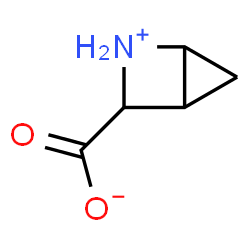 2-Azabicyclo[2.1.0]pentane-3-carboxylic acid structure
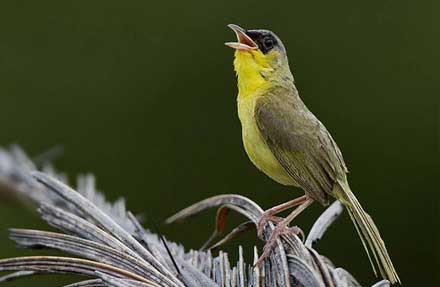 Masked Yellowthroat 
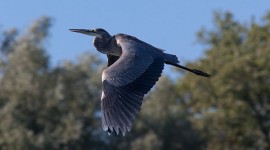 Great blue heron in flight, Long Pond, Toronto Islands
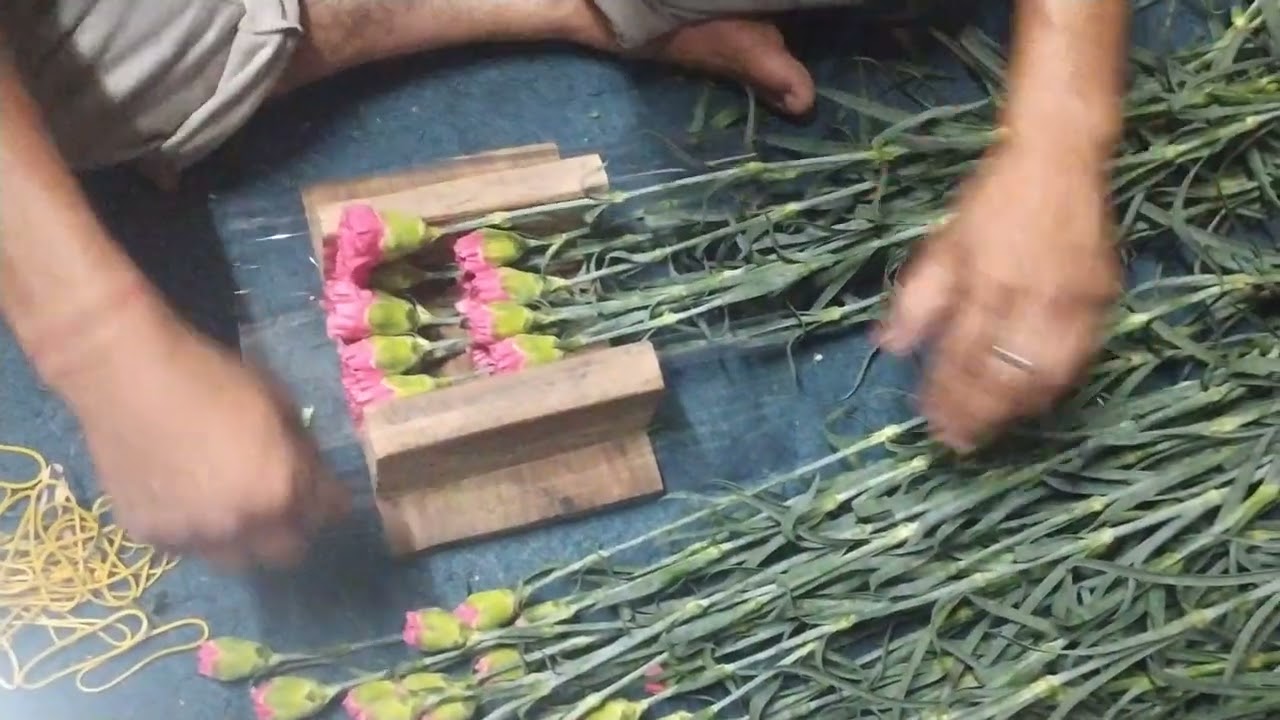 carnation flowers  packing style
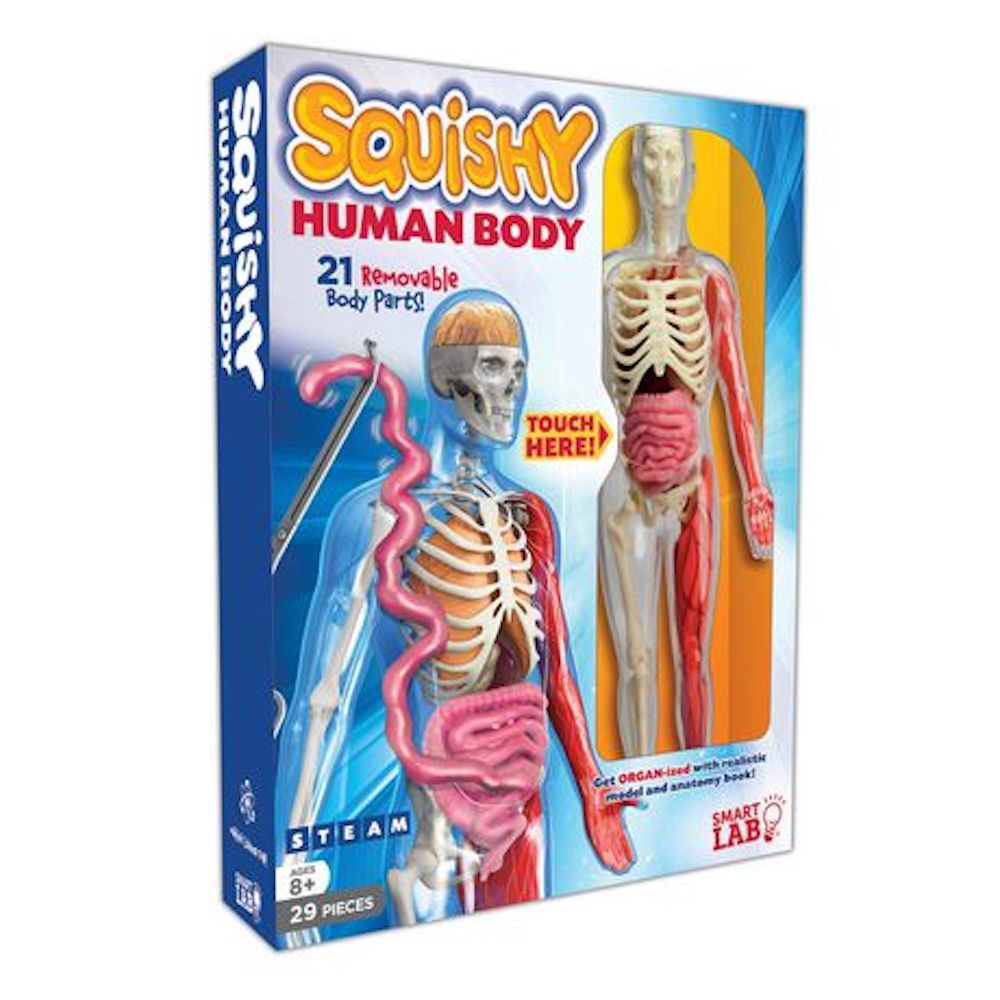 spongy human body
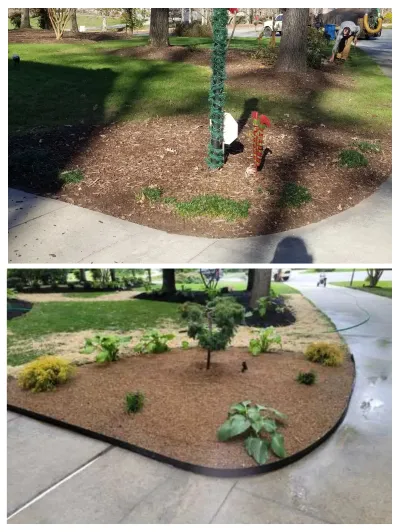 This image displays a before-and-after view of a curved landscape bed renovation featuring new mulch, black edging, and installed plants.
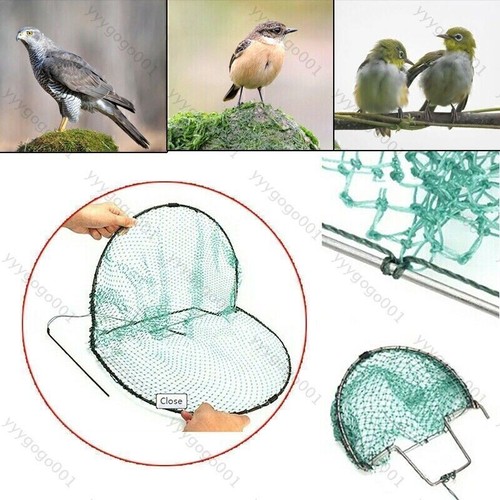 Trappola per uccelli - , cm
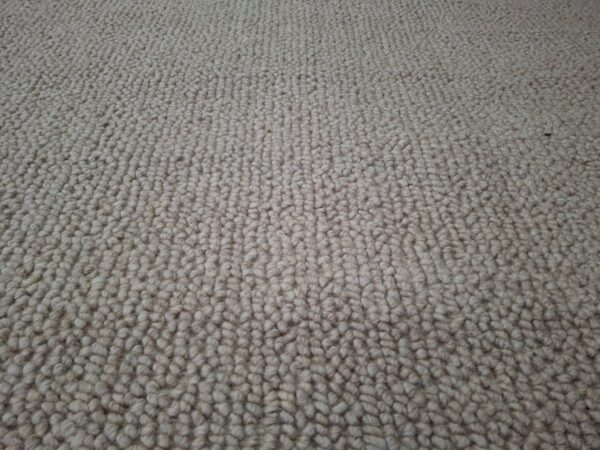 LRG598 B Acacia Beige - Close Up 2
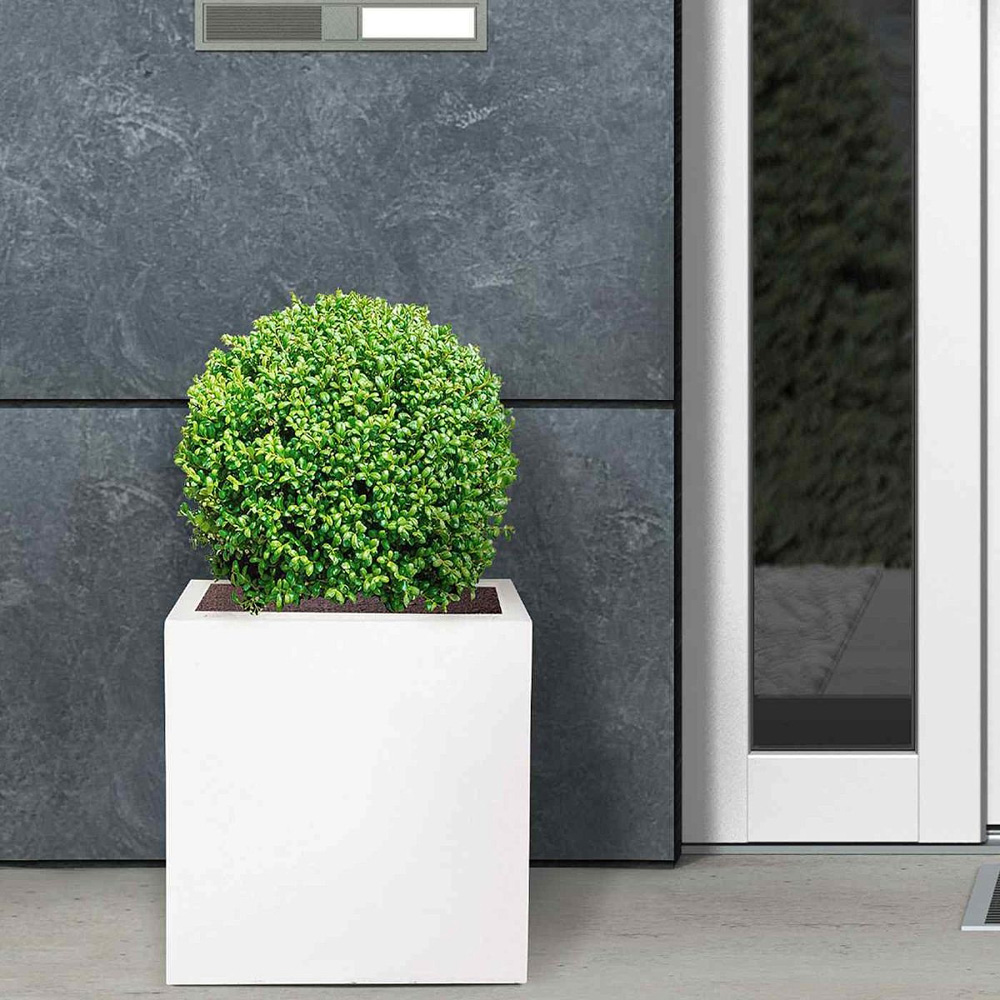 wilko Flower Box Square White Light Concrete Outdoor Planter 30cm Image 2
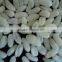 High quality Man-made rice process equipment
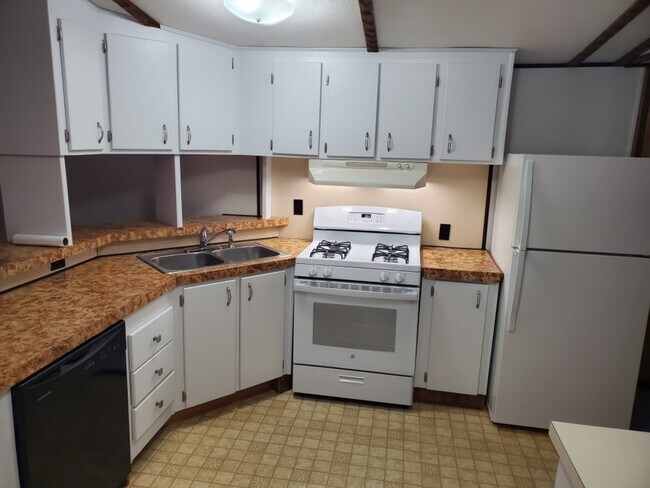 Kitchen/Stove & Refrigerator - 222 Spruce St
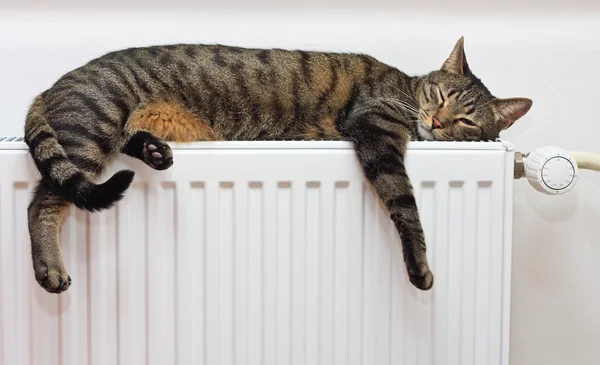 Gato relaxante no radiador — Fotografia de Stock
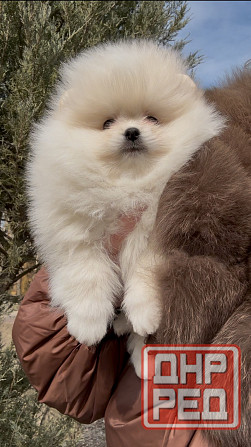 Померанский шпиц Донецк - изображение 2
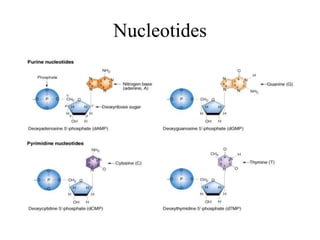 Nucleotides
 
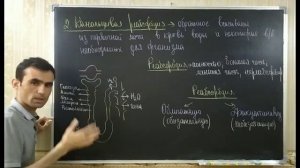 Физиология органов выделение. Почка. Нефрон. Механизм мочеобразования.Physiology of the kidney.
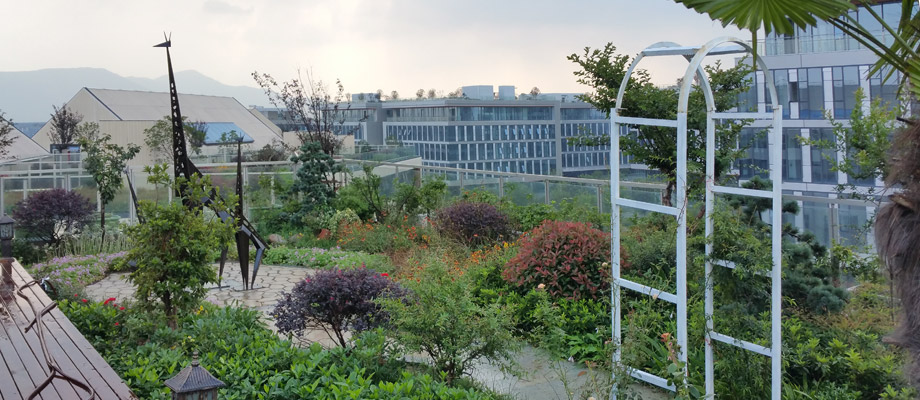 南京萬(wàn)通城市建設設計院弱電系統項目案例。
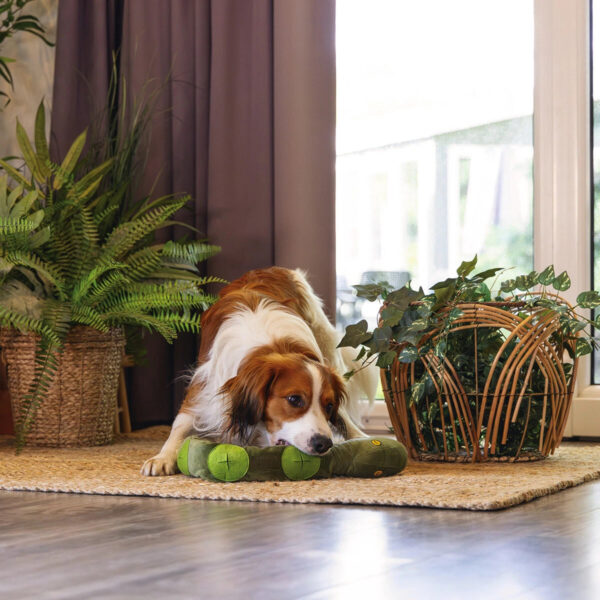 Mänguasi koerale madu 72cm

....

## [ABOUT THIS TASK]
Your response must consist of the lines from the beginning of the data through the line containing "Nucleotides", transcribed exactly, with no pictures.

## [OUTPUT OF THE EXERCISE]
 2-Azabicyclo[2.1.0]pentane-3-carboxylic acid structure
 Masked Yellowthroat 
 Great blue heron in flight, Long Pond, Toronto Islands
 carnation flowers  packing style
 spongy human body
 This image displays a before-and-after view of a curved landscape bed renovation featuring new mulch, black edging, and installed plants.
 Trappola per uccelli - , cm
 LRG598 B Acacia Beige - Close Up 2
 wilko Flower Box Square White Light Concrete Outdoor Planter 30cm Image 2
 High quality Man-made rice process equipment
 Kitchen/Stove & Refrigerator - 222 Spruce St
 Gato relaxante no radiador — Fotografia de Stock
 Померанский шпиц Донецк - изображение 2
 Nucleotides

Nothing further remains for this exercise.